Known problems with the simulator
As a result of discussions with the PowerTCP authors about anomalies in the Homa measurements, we have uncovered the following bugs and missing features in the simulator:
Incorrect implementation of priority queues. The simulator reads packet priorities incorrectly.
No shared buffer pools. The simulator implements only statically allocated pools. For best performance, Homa needs shared buffer pools (which are common in modern switches); statically allocated pools can result in unnecessary packet drops.
No support for non-uniform RTTs. Homa senders are allowed to transmit one BDP of data unilaterally for each message, without waiting for grants. This amount depends on the round-trip time between sender and receiver. In most datacenter fabrics, RTTs are non-uniform (e.g., in the PowerTCP simulations intra-rack RTTs were 4 usec, while inter-rack RTTs were 28 usec); it has been our expectation that in environments like this Homa should use different BDP values for different sender-receiver pairs, depending on their RTTs (which should be measured dynamically). However, this expected behavior is not specified in any of the Homa papers, and the simulator supports only a single RTT value for all client-server pairs.
Sender-driven retry. The simulator had an option to use sender-driven retry, which was enabled for the PowerTCP measurements. This is not part of the Homa design (Homa uses receiver-driven retry) and it causes poor performance under some conditions.
All of these issues have now been registered in the simulator’s GitHub repository.
Consequences of the simulator problems
Figures 9 and 10 are incorrect. These figures show step-wise increases in buffer occupancy for Homa. However, this is an artifact of the simulator’s use of sender-driven retry (senders were timing out and resending all their unscheduled data). When sender-driven retry was disabled, the steps went away in both figures.

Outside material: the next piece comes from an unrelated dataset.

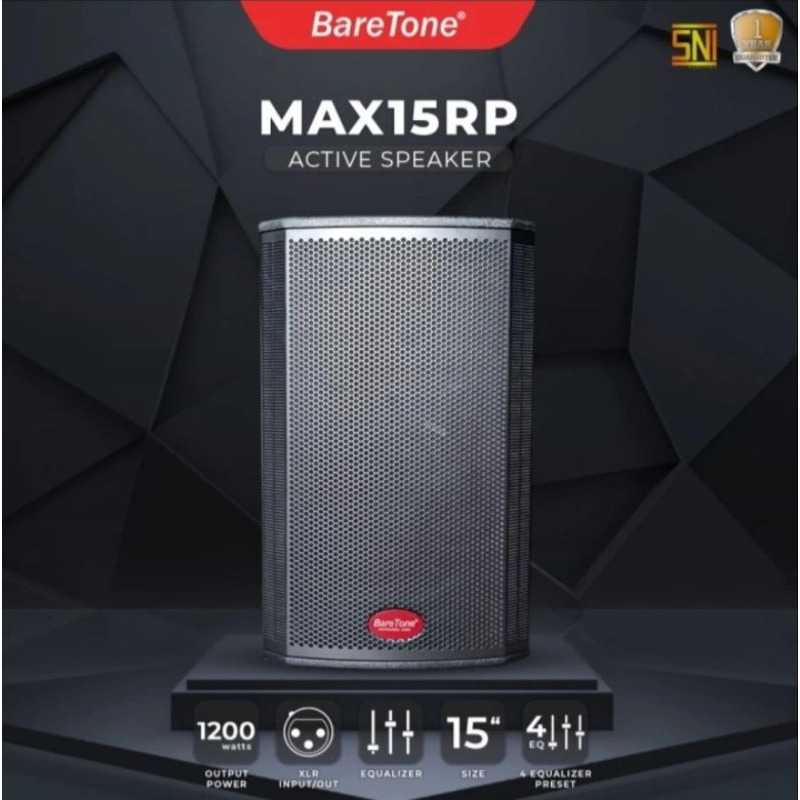 Baretone MAX15RP Speaker Aktif 15 Inch - Suara Jernih dan Kekuatan 1000W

Figure 11 is incorrect. This figure indicates that bandwidth sharing is occurring between flows, which should not happen in Homa due to its SRPT mechanism. This result was a consequence of the bug in the implementation of priority queues. After fixing the bug all of Figures 11(b)-(f) look like Figure 11(a) (overcommitment has no impact on incast situations).
The paper’s claim that Homa works best with a degree of overcommitment of 1 is incorrect: this conclusion was based on the incorrect data in Figures 9-11. This calls into question all of the other Homa measurements in the paper, since they were made with an overcommitment degree of 1.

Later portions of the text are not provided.